Isla del Carmen, Loreto Baja California Sur
I
Ivette y Rafael llegan a la dársena de Loreto por nosotras. El mar es un espejo lleno de lumbre, nuestras mejillas buscan el horizonte, nada se mueve. Una línea recta que es el mar anuncia que ya no hay nada más allá, sabemos que hay secretos que involucran al mar y a nosotras. Eso sabemos.
II
Hace unas semanas la vida y la curiosidad me volvió al cuerpo. Desperté de mi propia inacción, las arañas de mi mente comenzaron a tejer en una suerte de verticalidad emparentada con esa aspiración al cielo, a un estado mental ligero, he llegado a poseer la certidumbre de que, como San Francisco de Asís, deseo poco y lo poco que deseo lo deseo poco, aunque la vida y sus personajes me den a manos llenas.
III
El capitán Rafael, con el rostro bronceado por el sol cotidiano sonríe y nos interna en un mar del que podríamos no salir. No tenemos miedo. La vida, el pecho se nos abre con cada metro que avanzamos mar adentro, no se distingue si el mar está rodeándonos o el azul es nuestra creación, nuestro sueño.
IV
La panga entra al interior de las cuevas, estamos indagando en el interior de las entrañas de la isla, somos oscuridad en ese hueco, el cuerpo del agua va y viene en esa noche que es la cavidad de nuestra alma también. Trato de tocar las rocas que circundan al bote, un arrullo se nos acomoda en el cuello, el agua tiene maneras de hablarnos que sólo en el dolor o en la profunda escucha tienen significado.
V
Salimos de nosotras. El sol me quema la pierna, pero de eso me daré cuenta más tarde, en el ardor.

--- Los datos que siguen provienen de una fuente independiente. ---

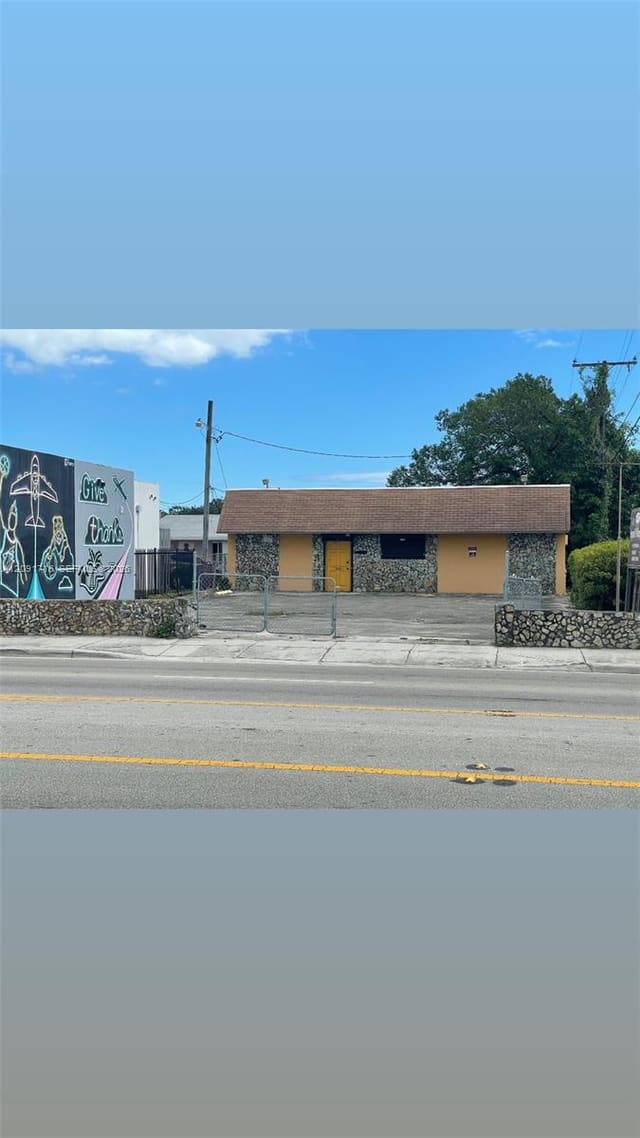 4875 NW 7th Avenue, Miami, FL 33127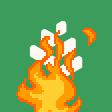groveonfire Emote
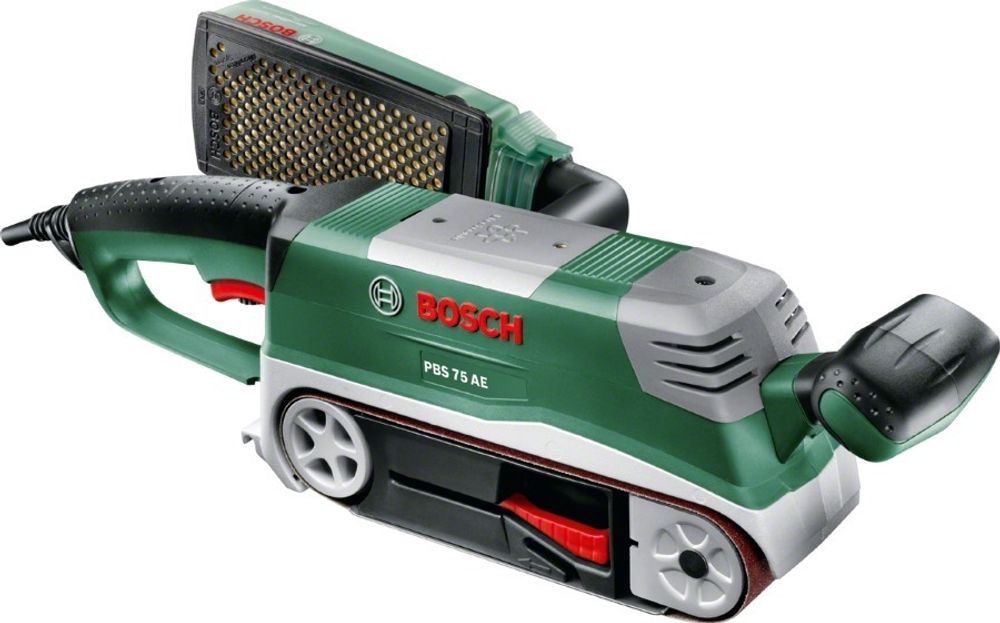 ЛШМ BOSCH РBS 75 AE  0 603 2А1 120 кейс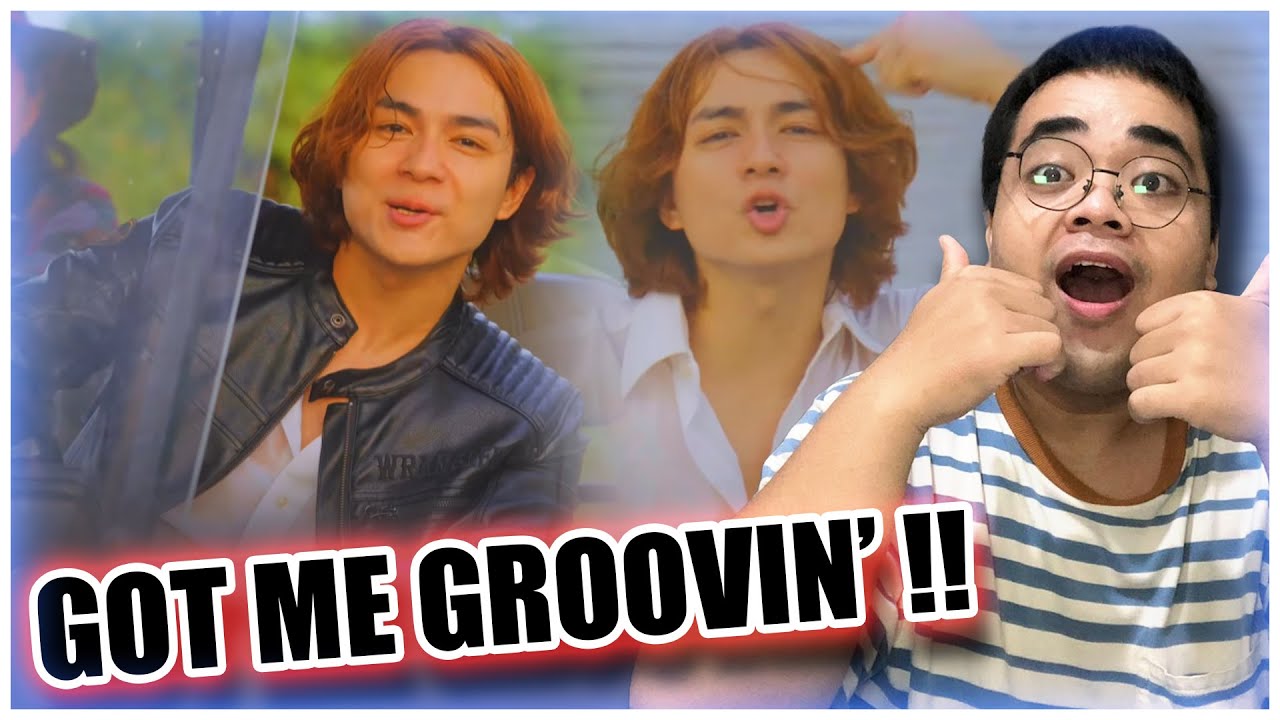 อะไรก็กู - แน็กชาลี Ft. AOFZ REACTION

La Isla del Carmen nos ve acercarnos. Hay miles de ojos que siguen mirando a los que llegan hoy. El cansancio de electricistas, afanadores, cargadores y amas de casa detenidos en el aire puro. Hay máquinas oxidadas llorando nostalgia por sus dueños. Lizette registra con su celular cada viga y muro, cada movimiento de nuestros cuerpos internándose en la salinera que fue.
VI
Renata hunde las piernas en la salmuera, rescata cristales revelándonos que en realidad ella es una sirena regresando a su isla. Su abuela, Georgina, tiene las manos exactas para medir cada voz y consejo que se congeló en la isla. Las mujeres somos sabias al hacernos al paisaje, al reconocernos en las penas y esfuerzos que una comunidad de chinos vivió en esta lejanía. Ellos yacen en un pequeño cementerio en la Isla del Carmen. Nadie sabe que están ahí, sus nombres son indescifrables.
VII
Salimos de la isla con la bendición de Ángel, el cocinero a cargo, nos dice adiós desde una soledad que necesita aderezarse, es muy joven para entender que sus manos son mágicas. Nos vamos a otro paraíso, comemos tostadas del ceviche que Carlos (el otro cocinero mágico, prodigioso) nos preparó. Luego saltamos al mar, hay peces dorados, lisas, que nos miran con curiosidad, yo las miro maravillada. El agua es transparente, soy una recién nacida en ese mar que es madre también.
VIII
Tenemos que volver a Loreto, una familia de delfines nos escolta, compiten con nuestra panga, nos gritan para que los veamos y saltan como nuestro corazón al verlos. ¿Y si nos quedamos a vivir con ellos?, ¿Y si fuéramos valientes y la isla se convirtiera en nuestro hogar y pudiéramos salar los alimentos con nuestra honestidad y saber que el mar, como dice Rafa, es el maestro, la pureza, la vida misma?, ¿Y si dejáramos la ciudad y como a Ivette, la pasión nos revelara que somos desierto y agua? Hay una isla tatuada en nuestra memoria, sus historias nos cuentan quiénes fuimos, nos piden encontrar otras islas, no voltear a llorar lo perdido, sabemos que corremos el riesgo de convertirnos en estatuas de sal. Debemos vivir.